Tuesday, February 2, 2010

The Harmony of Orthodox Theology & Science

A mistake often made by Westerners is the misguided attempt to study Orthodox theology through scientific approaches or philosophical models (including metaphysics).  Orthodox theology exists outside of the limited scope of scientific inquiry as well as the speculative arguments and rational categories of Western philosophy (and secular religious studies).  Science and Western philosophy are concerned with the knowledge of the rational mind, but theology is concerned with gnosis, the knowledge of the heart (nous), the spiritual intellect.  Science and philosophy are based on humanly-derived principles and theories.  Orthodox theology is rooted in divine revelation.  Philosophy and science deal with concepts.  Orthodox theology is a Mystery beyond concept.  Scientific study and philosophy are limited to the creation.  Theology involves experiencing the Uncreated.  In the West, a "theologian" is an educated scholar who knows about religious beliefs, ideas, and practices.  In the Orthodox Church, a theologian is one who acquires divine knowledge in the heart through humility, repentance, and prayer.

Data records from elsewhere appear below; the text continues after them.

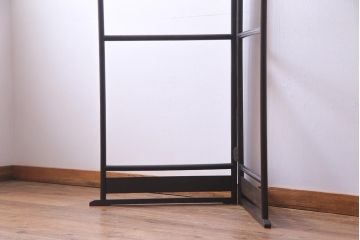 アンティーク雑貨　和製アンティーク　桑材の木味が魅力的な二つ折り衣桁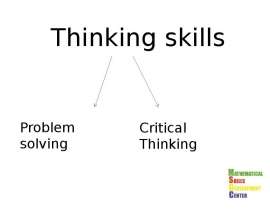 Thinking skills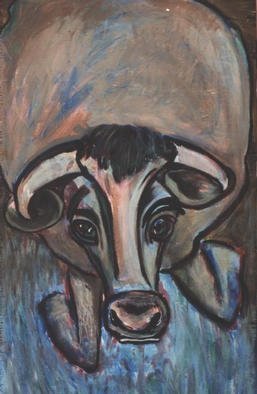 Jennifer Bailey; Cow, 2002, Original Painting Acrylic, 30 x 48 inches. Artwork description: 241 The viewer' s description is better than mine on this particular piece.  ...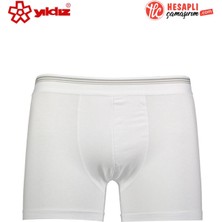 Yıldız 365 Premium Seri Erkek Pamuklu Rahat Esnek Likralı Formen Tekli Boxer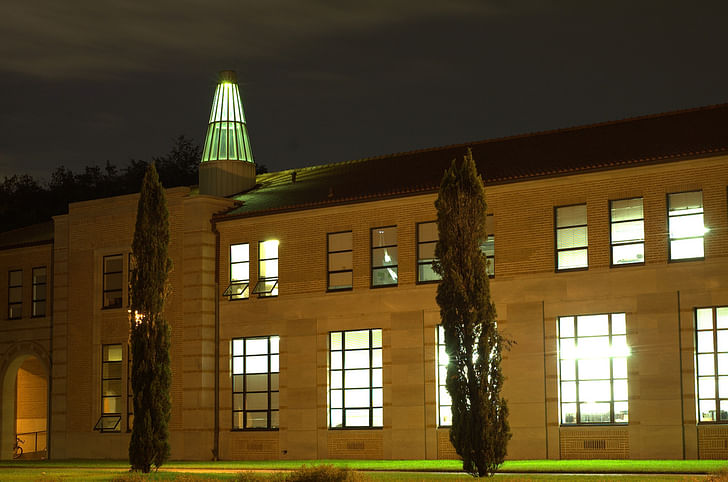 Anderson Hall architecture school building on Rice's campus, Spring 2012.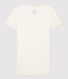Damen-T-Shirt, leichter Rippstrick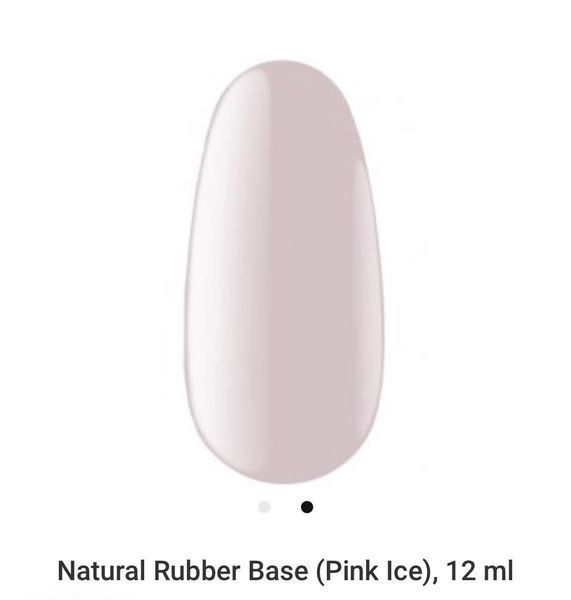 Кольорова камуфлюється каучукова база для нігтів Natural Rubber Base, 12 мл № 6 Pink Ice 004533 фото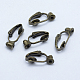 Brass Clip-on Earring Converters Findings KK-Q115-AB-1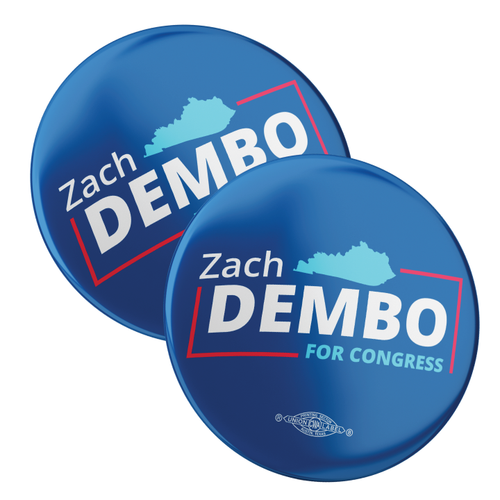 Zach Dembo (2.25" Pin-Back Button -- Pack Of Two!)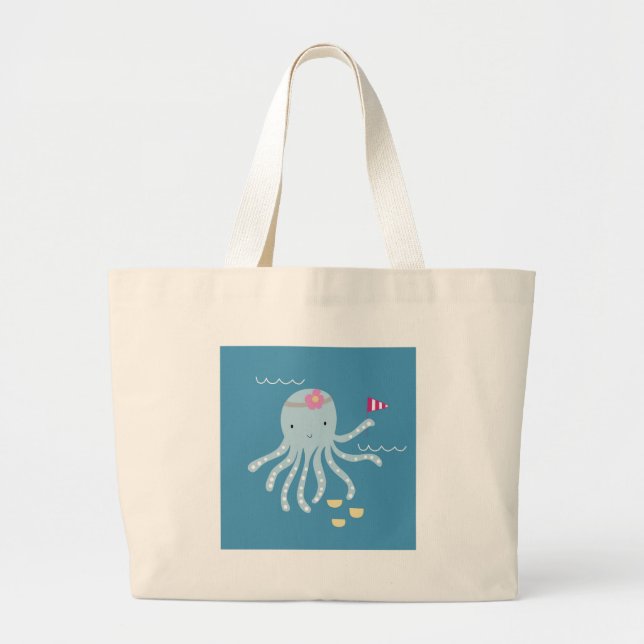 Bolso De Tela Gigante Octopus (Frente)
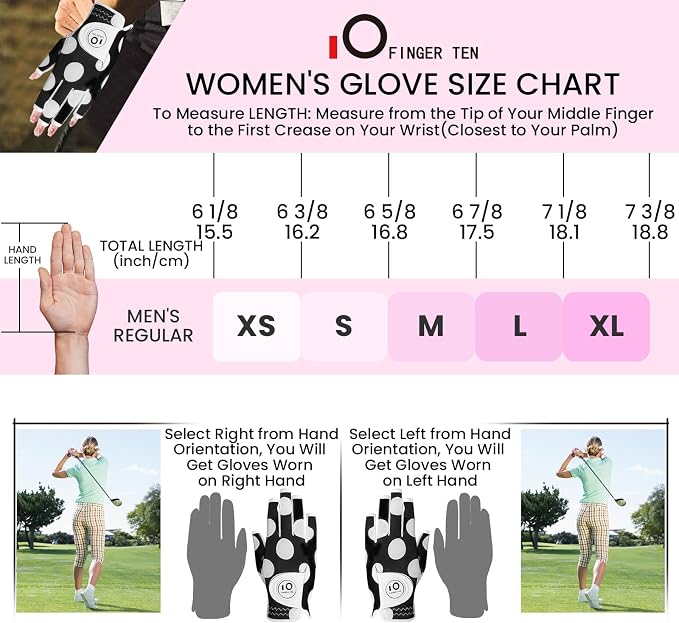 FINGER TEN Stylish Golf Gloves Women - Image 5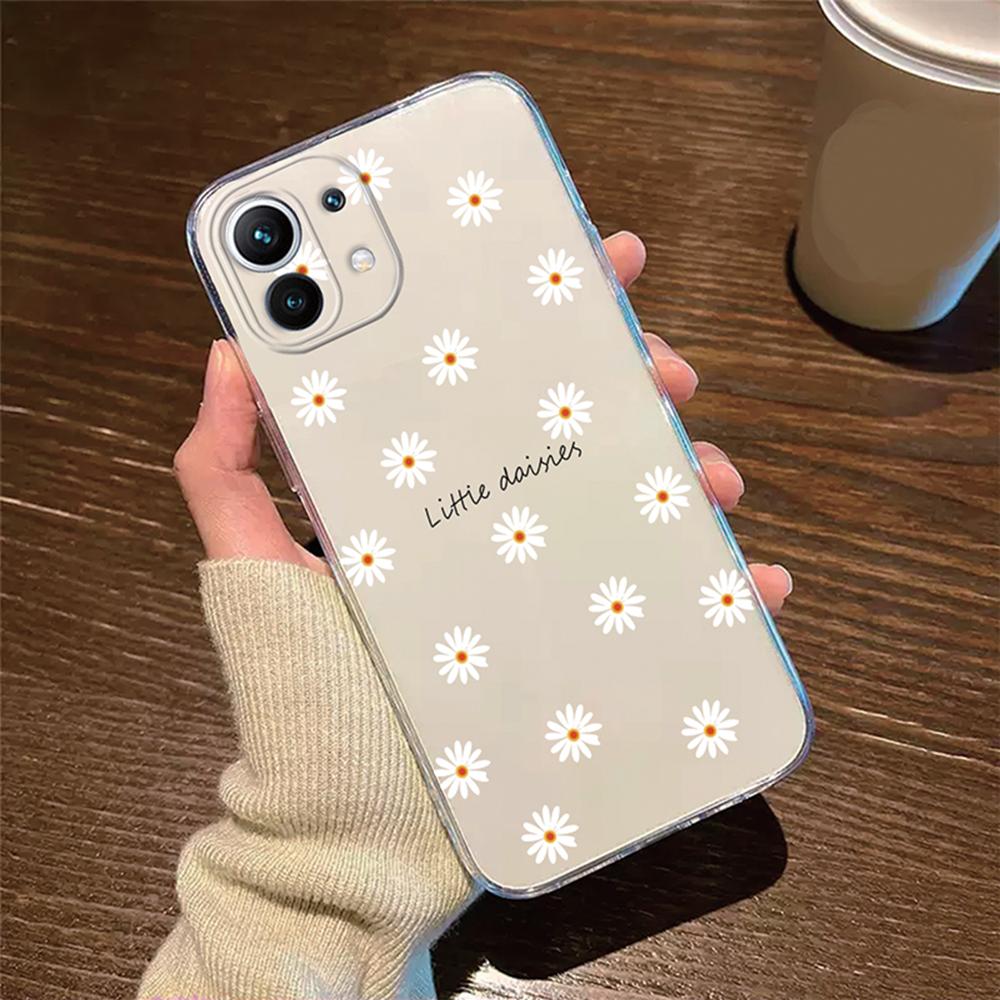 Rose Flower Phone Case Transparent Clear For Xiaomi 13T 14T 15T 11T 12T 10T 13 14 11 12 Lite Oil Painting Women Silicone Cover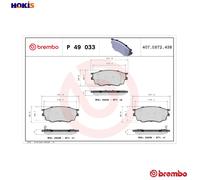 BRAKE PAD SET DISC BRAKE P 49 033 FOR LANDWIND HAWTAI HYUNDAI MAZDA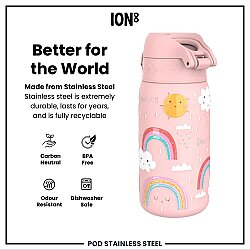 ION8 Sızdırmaz Çocuk Su Termosu (320 ml) - Gökkuşağı - 5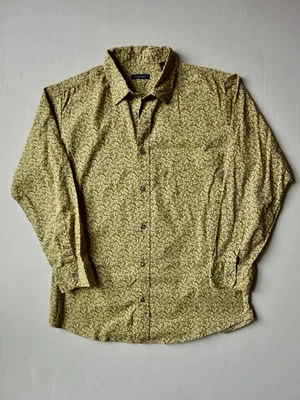 Vintage Club Room Long Sleeve Button Down Shirt Green Size M Leaf Print - Image 1 of 4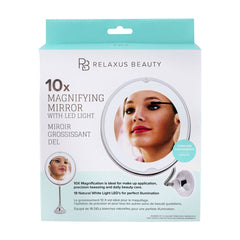 10 x Magnifying Makeup Mirror With LED Light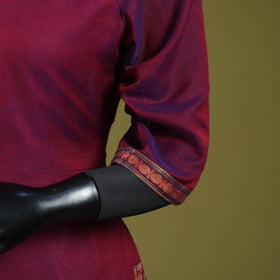 Purple - straight cotton dharwad kurta 04 - handcrafted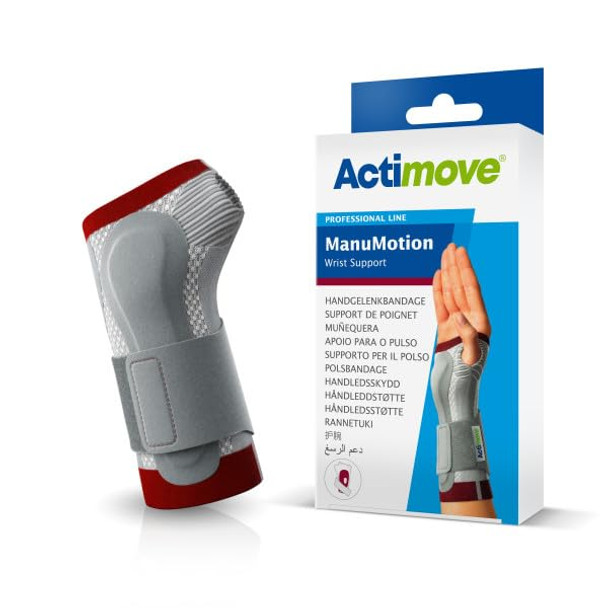 Bsn 7349742 Actimove Manumotion Wrist Support, White, Left, X-Small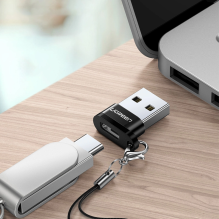 Ugreen US280 50568 USB-C 3.1 (moteris) / USB-A 2.0 (vyriškas) adapteris – juodas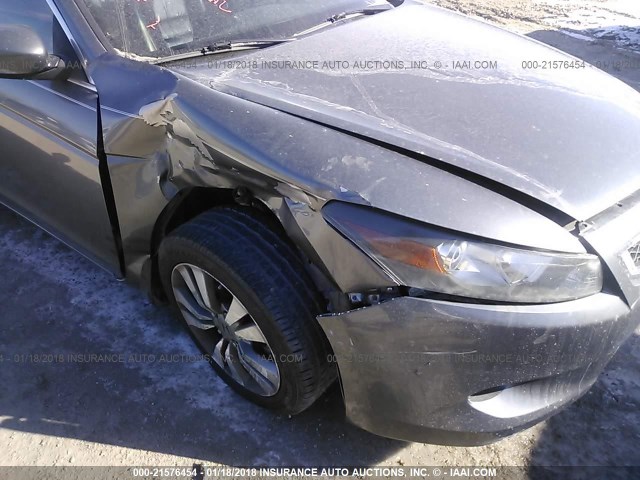 1HGCS1B80AA000206 - 2010 HONDA ACCORD EXL GRAY photo 6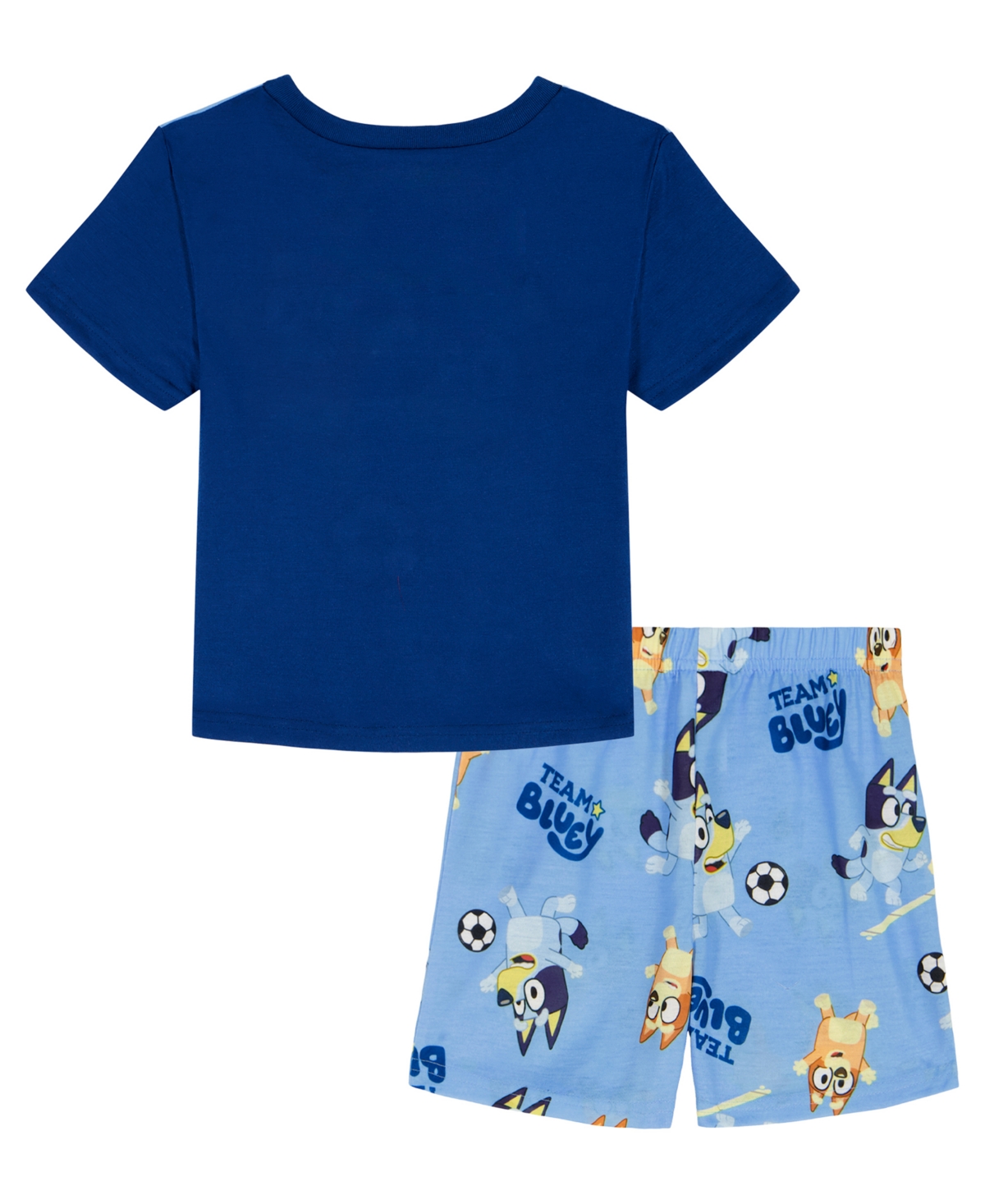 Bluey Toddler Boys' 2T-4T Printed Short-Sleeve T-Shirt & Shorts, 2-Piece Set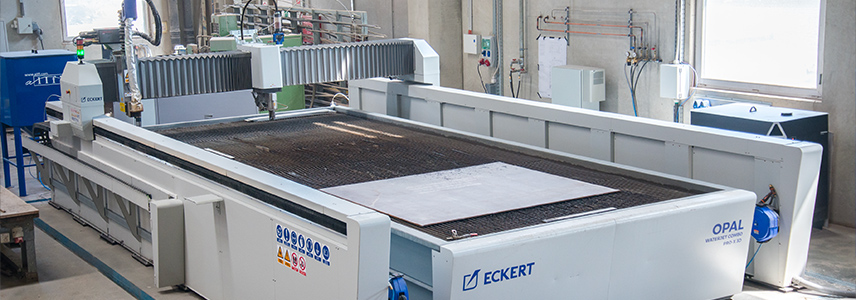 Opal Waterjet Eckert Cnc przecinarka wodna wycinarka wodna Pro X 3D combo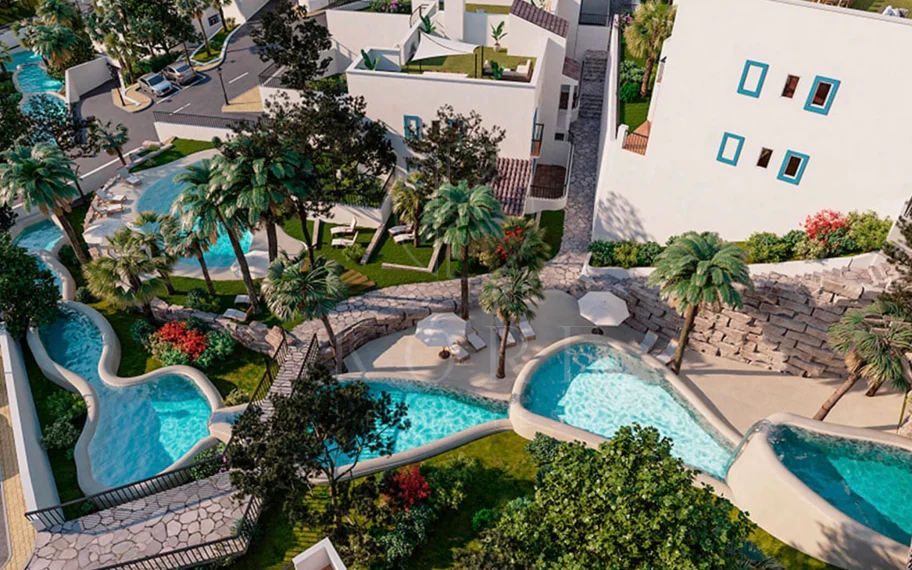 Contemporáneo Mediterráneo Viviendo en una comunidad exclusiva Resort-Style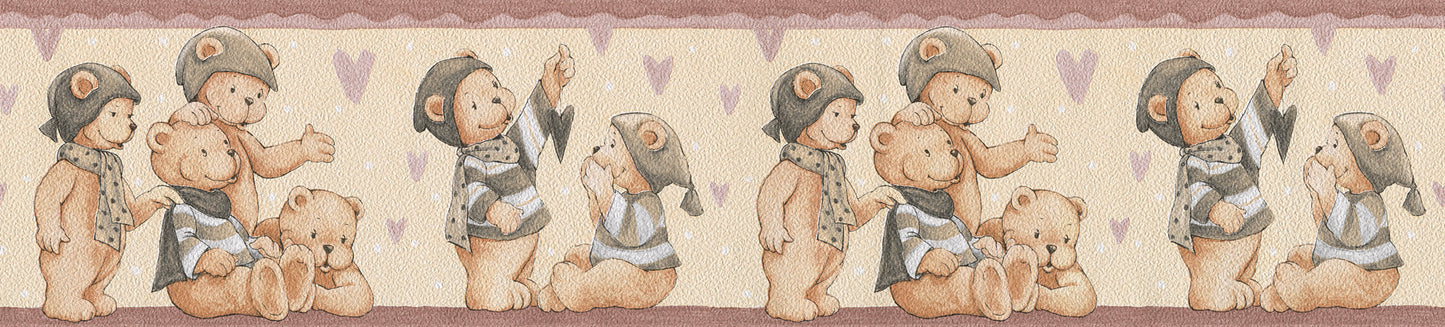 Only Borders 10 Dekobordüre selbstklebend Beige Braun Grau 5,00 m x 0,17 m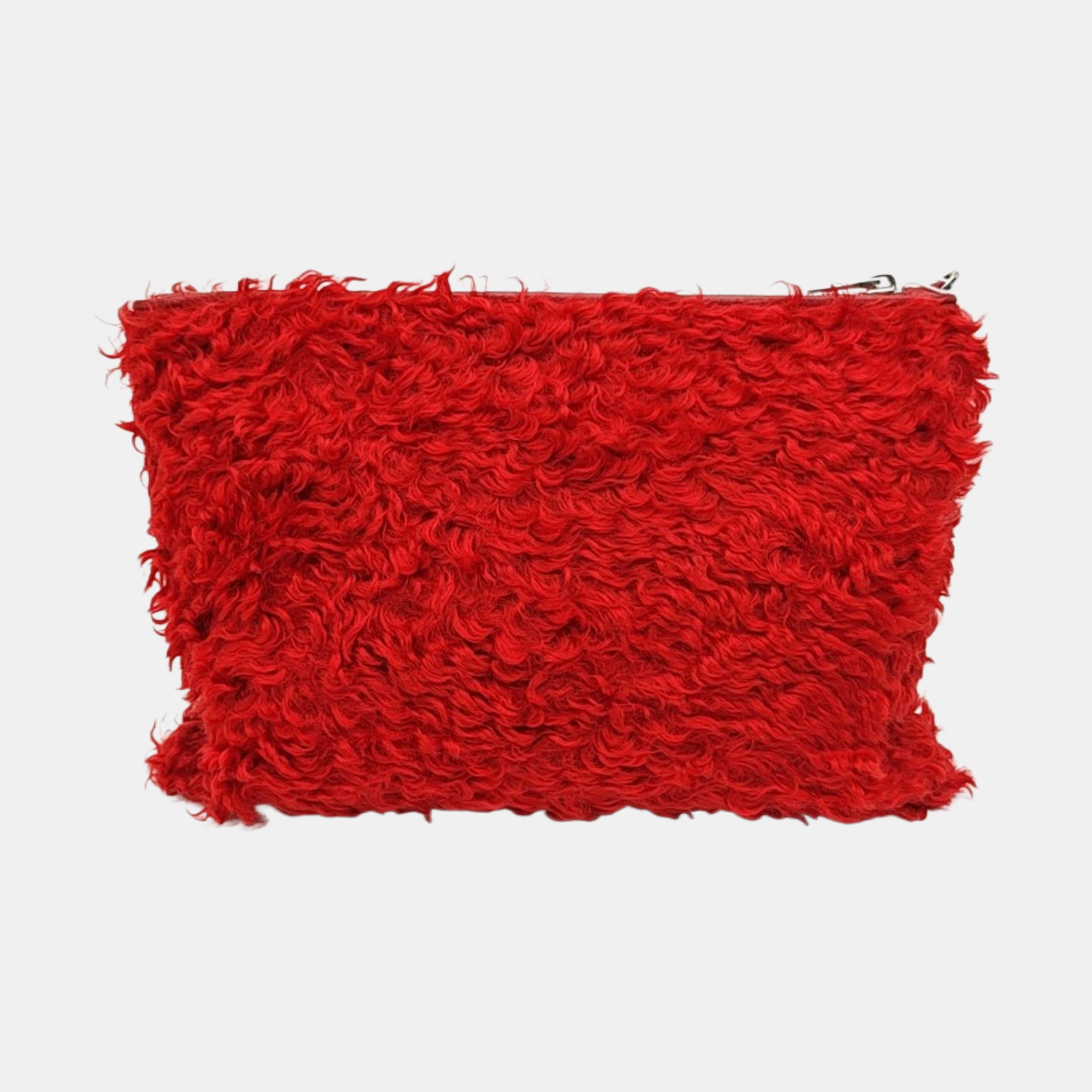 Horsehair Clutch Red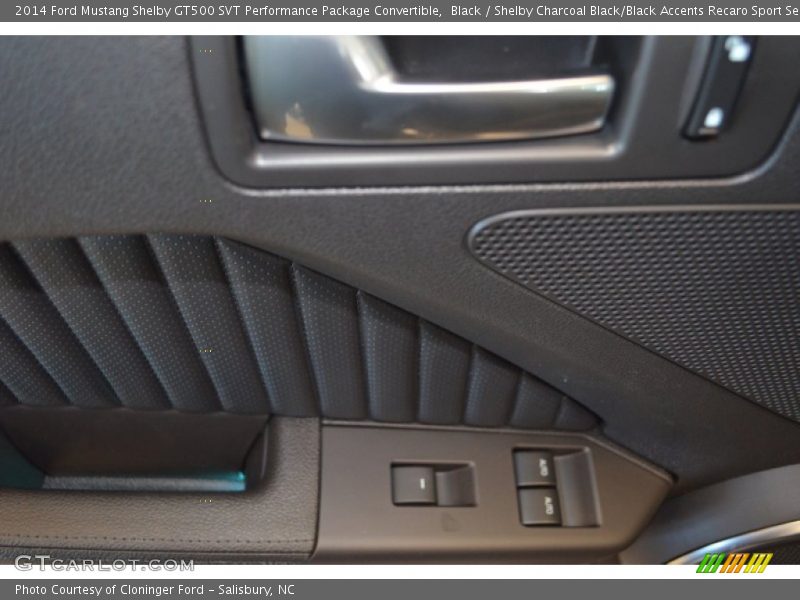 Black / Shelby Charcoal Black/Black Accents Recaro Sport Seats 2014 Ford Mustang Shelby GT500 SVT Performance Package Convertible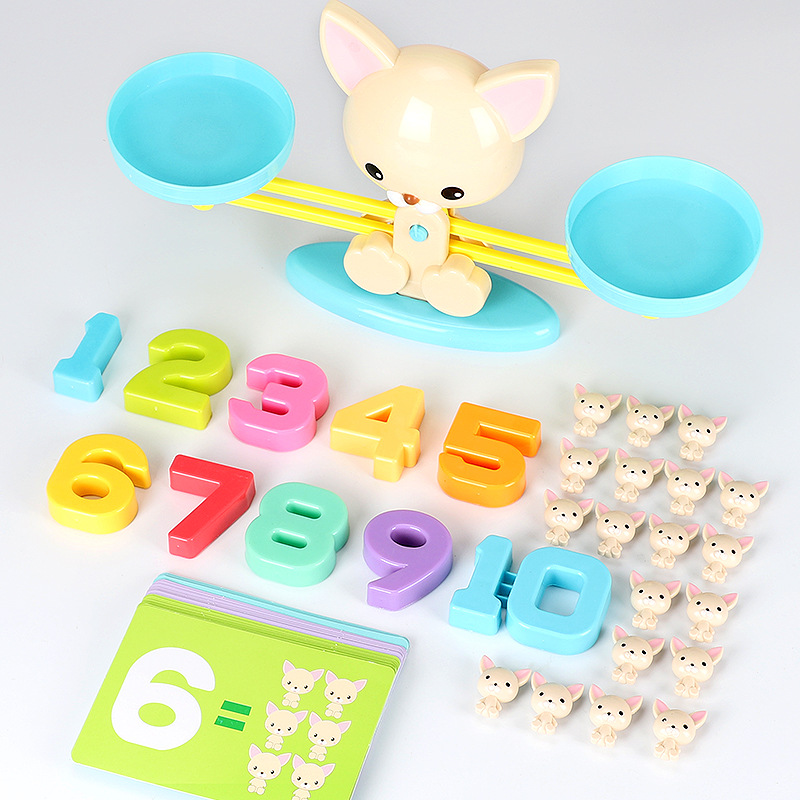 puppy up小狗天平数字启蒙玩具数学数字加减法儿童天平益智玩具|msdalam kategori Toy/bayi/teka-teki/blok bangunan/model, Pembelajaran awal/mainan pintar, Lain mainan pendidikan awal - dari Buy2taobao.com untuk memberikan perkhidmatan ejen Taobao profesional membeli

While scientific understanding of the creation and technology have progressed through the centuries, the dogma of the Orthodox Church does not change or develop. Scientific theories and Western philosophical ideas are adaptable and constantly change in light of new evidence and ideas, but theology is unalterable.  This is why the same theological experience is expressed through the writings of the Fathers of the Orthodox Church from the 1st century to the 21st century.  (Remember that the dogma of the Church is not just a collection of philosophical propositions to be rationally accepted, but boundaries to keep us on the path of authentic theological experience, which is the Way of personal knowledge, healing, and transformation.)

In the West, the boundaries between science and philosophy (secular and religious) are blurred.  Philosophy of science is mistaken for science and religious philosophy is mistaken for theology.  In such an environment, spirituality and science may be considered incompatible approaches to life.  No such contradiction exists between Orthodox theology and science, properly understood.  In an article published in Christian Bioethics (Oxford Journals/Oxford University Press), Metropolitan Hierotheos of Nafpaktos (Greece) wrote,

As Christians, particularly as Orthodox Christians, we are certainly not opposed to research and progress.  Nor do we want the Western conflict between the Christian faith and science to be repeated.  To avoid this, science itself ought to set limits and conditions for research, and theology should be occupied with giving meaning to human life and guiding people toward putting right their relationships with themselves, their fellow human beings, creation, and God.  The aim of science is to improve human life, and the aim of theology is to help human beings acquire existential peace, freedom, and knowledge of themselves and God.  When both sides stay within these boundaries, there can be no conflict between theology and science. (1)

(1) Metropolitan Hierotheos of Nafpaktos, "Christian Bioethics: Challenges in Secularized Europe," 30, Christian Bioethics, 14(1), 29-41, April 2008.